Career Development

Senior joins Deloitte ‘down under’ for international first job

Senior Max Hannon has always had a destination, but not a map.

“For years and years, I didn’t really know what I wanted to do,” Hannon said. “But I’ve always wanted to travel.”

Max Hannon ’19

Through a series of connections made via Oglethorpe, Hannon will achieve his goal when he graduates this month, and joins Deloitte New Zealand in Auckland as an Audit Analyst in the Assurance & Advisory line of service. Hannon will frequently travel through Oceania and Southeast Asia to work on client projects in his analyst role.

But before he made it down under, Hannon worked his way around Atlanta. As a volunteer in the Career Development office and student representative on a Board of Trustees committee, he met Cameron Bready ’94, senior executive vice president and chief financial officer of Global Payments, where Hannon secured his first internship in the acquisitions department in summer 2017.

There, he also met his mentor, Sandya Figueiredo, with whom he stayed in contact after he left Global Payments and began an audit internship with Assurant. Figueiredo, who previously worked with Deloitte New Zealand, alerted Hannon to the potential of working abroad.

“My story is certainly wrapped in the power of a simple, ‘Hello,’ and the inviting fear of the unknown,” Hannon said. “I had a passing conversation with someone, I expressed some interest in there, and I got to the opportunity I have now.”

Surprisingly, metro Atlanta and New Zealand have roughly the same population, often leaving the country searching beyond its borders for talent to fill jobs. Besides an impressive resume and academic record, it’s another reason the Flowery Branch native will be able to easily procure an essential skills visa to work in the country.

However, working in a different hemisphere created another interesting challenge. Because university schedules also follow their seasons on the other side of the world, the position starts in February, and for Hannon to be able to apply for a visa, he first has to have a college degree. That led to the senior graduating with a Business degree instead of what he had intended.

“I did not know I could graduate early until my advising meeting in the spring. If that didn’t happen, then I wouldn’t be able to take the opportunity at all,” Hannon said. “I was a math major up until my last three classes when I realized that it would keep me from graduating a semester early.”

Hannon will start at Deloitte New Zealand with a class of about 25 other recent university graduates and will work mostly at client offices in the region on a project-by-project basis.

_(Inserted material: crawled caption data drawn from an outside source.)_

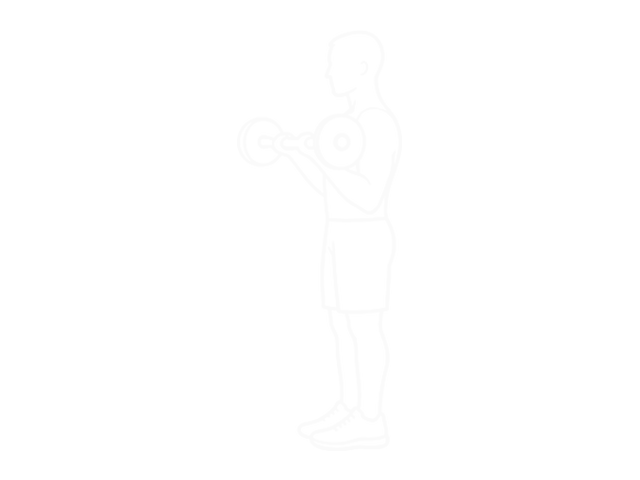 EZ Barbell Curl — 끝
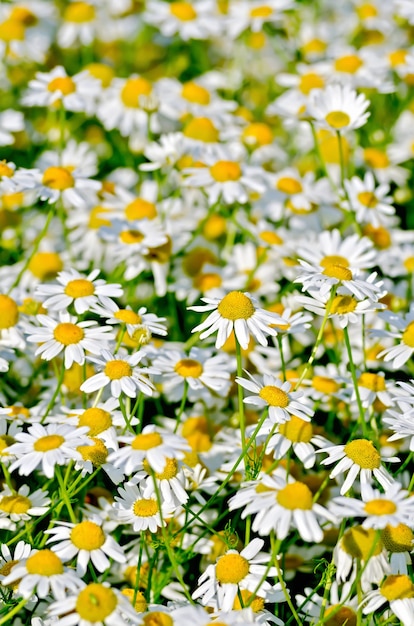 Tekstura kwiatów biały rumianek medyczny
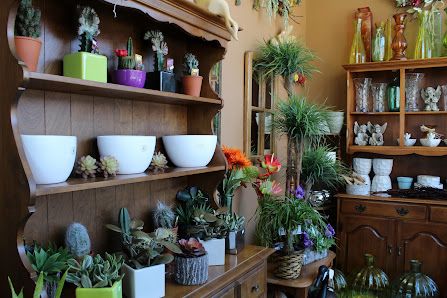 Fleuriste Salaberry De Valleyfield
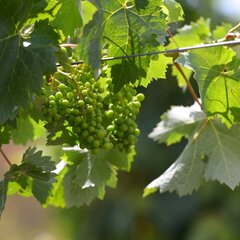 Усадьба Саркел, Цимлянск, Ростовская область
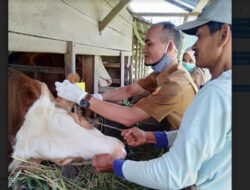 Peternak Sapi di Tanah Datar Diajak Ikut Asuransi AUTSK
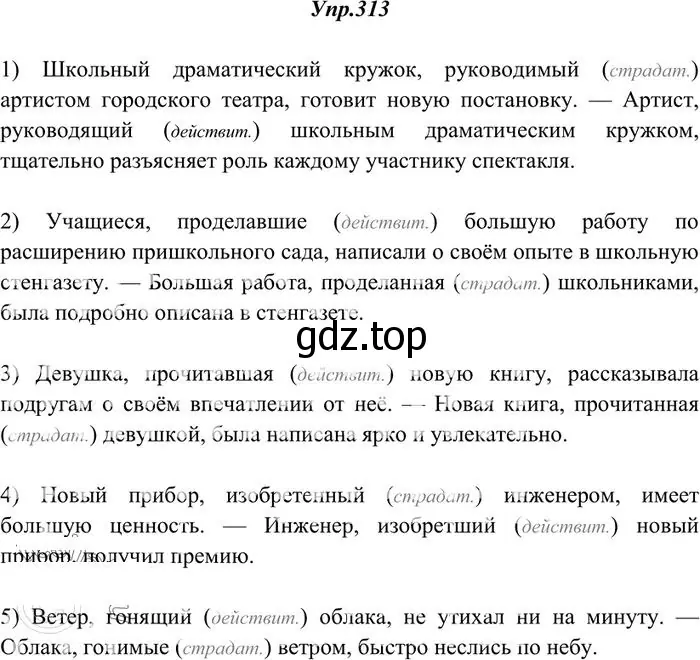 Решение 3. номер 313 (страница 197) гдз по русскому языку 10-11 класс Греков, Крючков, учебник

He is planning on staying for a minimum of three years while he finishes his Chartered Accountant certification, a Commonwealth country equivalent of a Certified Public Accountant certification that transfers back to the U.S. if he wishes to continue working in the industry here.

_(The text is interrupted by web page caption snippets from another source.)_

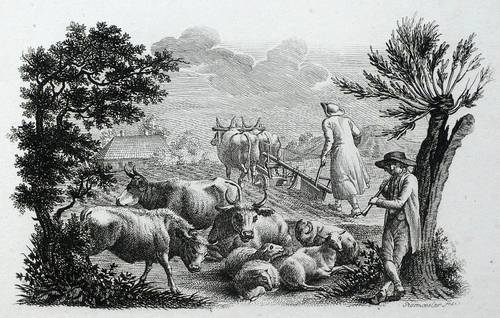 Rosmäsler, Johann August -  -  - Der Landmann (Ochsenpflug und Hütejunge)
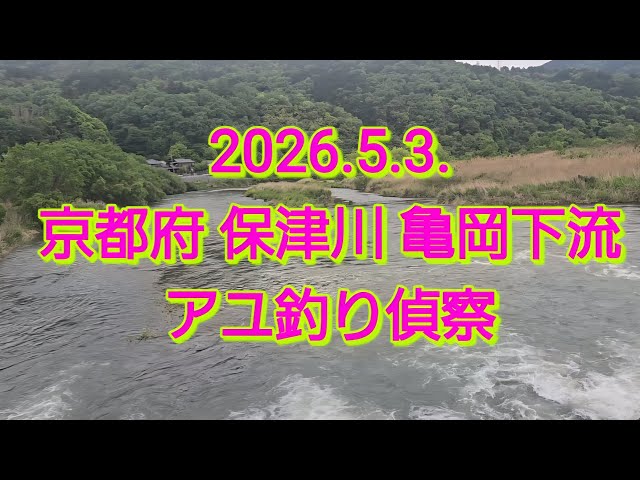 Ayu fishing reconnaissance in the Kameoka area of ​​the Hozugawa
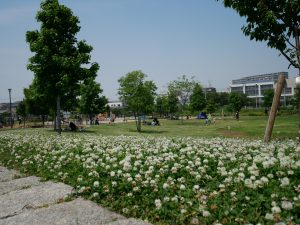 公園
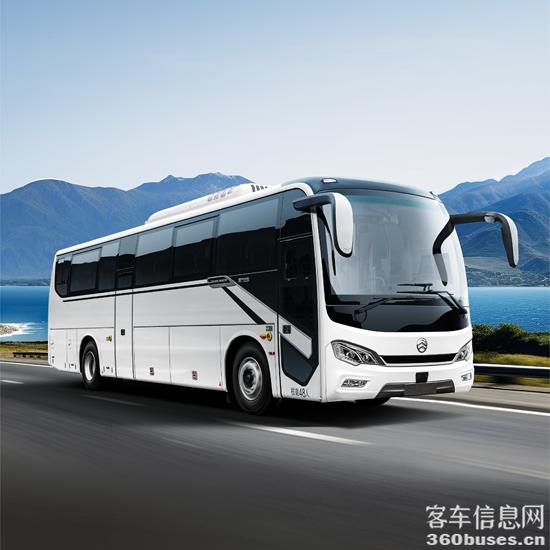 1769399917956119.jpg 2.jpg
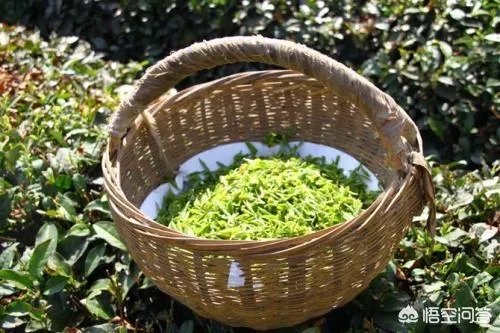 喝茶要先洗茶吗？茶叶中有没有农药的残留？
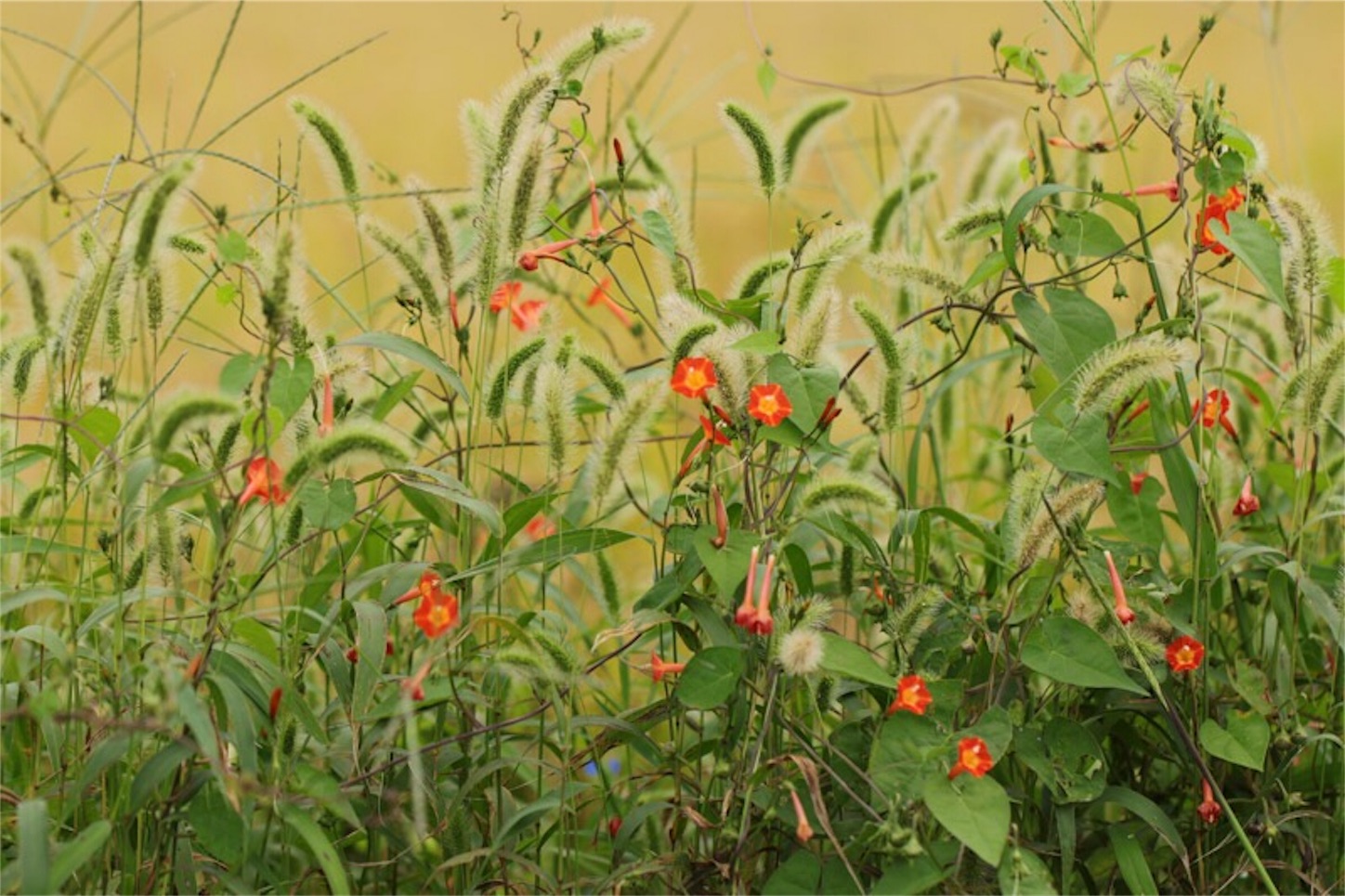 f:id:Jiroviolet:20180927182756j:image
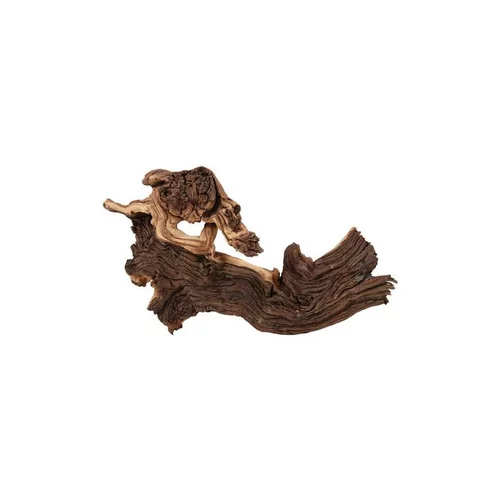 Espace vert confort：Racine Maupani en bois naturel marron taille L 20,5x12x9 cm
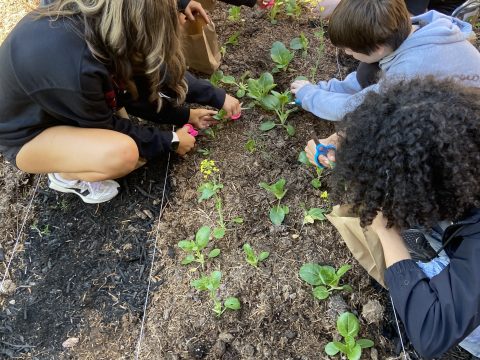 Gresham Middle School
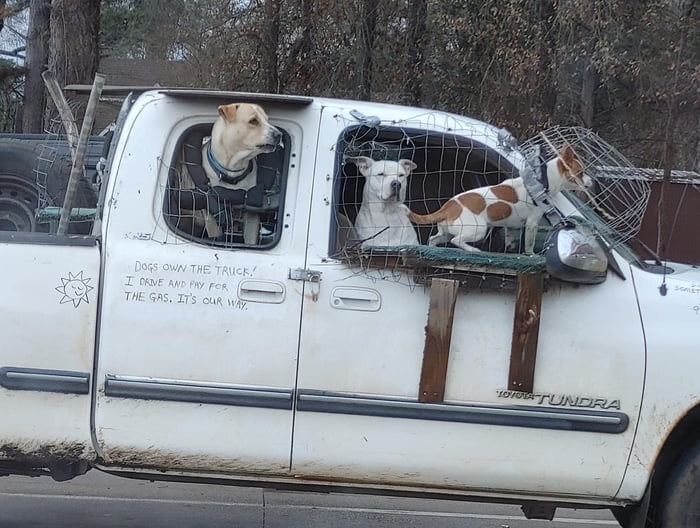 Dogs own the truck! - 9GAG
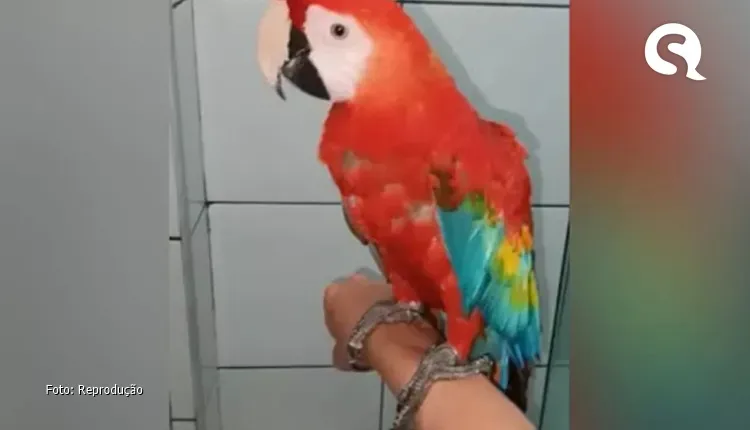 Arara é resgata pela PM após aparecer em quintal de casa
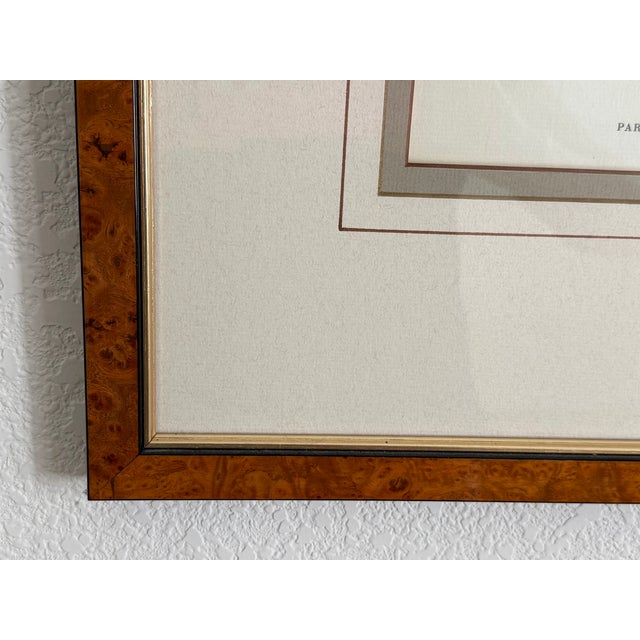 Chestnut Ethan Allen Framed Antique Bird Print: Paris Major For Sale - Image 8 of 10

It’s more likely, however, that Hannon stays abroad and continues life as a working expat. Encountering new people and places are what will further his work life best, Hannon has decided.

“People and places. Those are the two things that throughout my college career I’ve come to learn defines and drives me,” Hannon said. “I want to meet different people. I want to see their different opinions, learn their languages, experience different cultures, and I want to do it in amazing different places and explore the natural wonders of the world and see the world we live in. Not just from one perspective.”

He thinks others should also consider what else the world has to offer in post-grad life.

“There’s a mindset that the country you were born in kind of defines the balance of where you can live,” Hannon said. “There’s a huge world. Why just vacation for three weeks to the other side of the world when you could live there for six, seven, eight, nine years. That’s really where my mindset comes from. There’s so much out there.”